Initially, Debitum was founded by Mārtiņš Libert, Donatas Juodelis, and Justas Šaltinis, three Latvian entrepreneurs who had together founded Debifo in mid-2015 to provide invoice financing solutions for small and medium-sized businesses in Lithuania.

But even though Debifo was successful, the company could not expand its lending operations in other EU countries due to regulatory problems.

That is why the founders initiated the idea of setting up a marketplace where lenders could offer their loans for financing. And in 2017, the idea of creating the platform Debitum Network was born.

Message displayed for Debitum Network's launch in 2019

In 2019, Debifo had a leading position in Lithuania providing €85M+ in working capital to more than 350 companies (financing some of its loans via Mintos). This is when Martins, Donatas, and Justas decided to sell Debifo to Factris, a leader in credit solutions.

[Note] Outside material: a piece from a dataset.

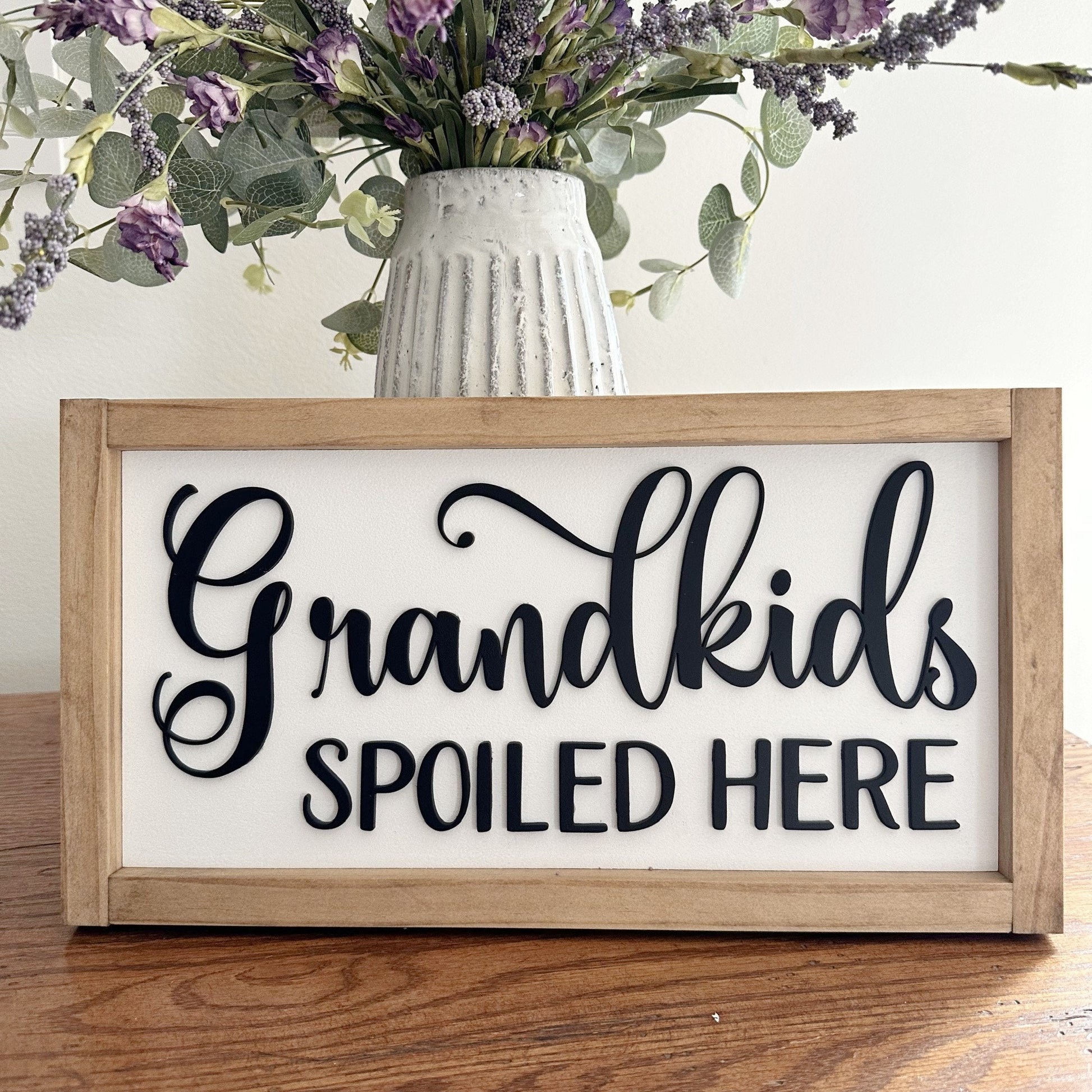Grandparents Sign, Grandkids Spoiled Sign, Gift for Grandparents, Mother's Day Sign, Wood Sign, Gift from Grandkids, 3D Wood Sign Home Decor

Although Donatas and Justas continued to work for Factris, Mārtiņš Libert is the one who started to develop Debitum Network. Mārtiņš entrusted the creation of the platform to INNTEC, an IT company he founded in 2012 with Donatas.

Debitum founders

Actual shareholders

Although Mārtiņš Libert was the sole shareholder until 2023, he sold 100% of the shares to three other Latvian entrepreneurs with economic, finance, and banking experience : Ingus Salmiņš, Ēriks Reņģītis and Henrijs Jansons.

Ingus Salmiņš is the majority shareholder with 60.67% through SIA ZIdea. After a law degree and a Master’s in accounting and finance, Ingus has spent his entire career in the banking and financial services sector.

Ingus Salmins

Ēriks Reņģītis owns 30.33% through SIA Amplo. After a Master in Business Administration obtained in Riga Technical University, Ēriks has spent most of his career within Auctus Capital SIA, a corporate finance advisory company, first as Associate Director and then as Partner.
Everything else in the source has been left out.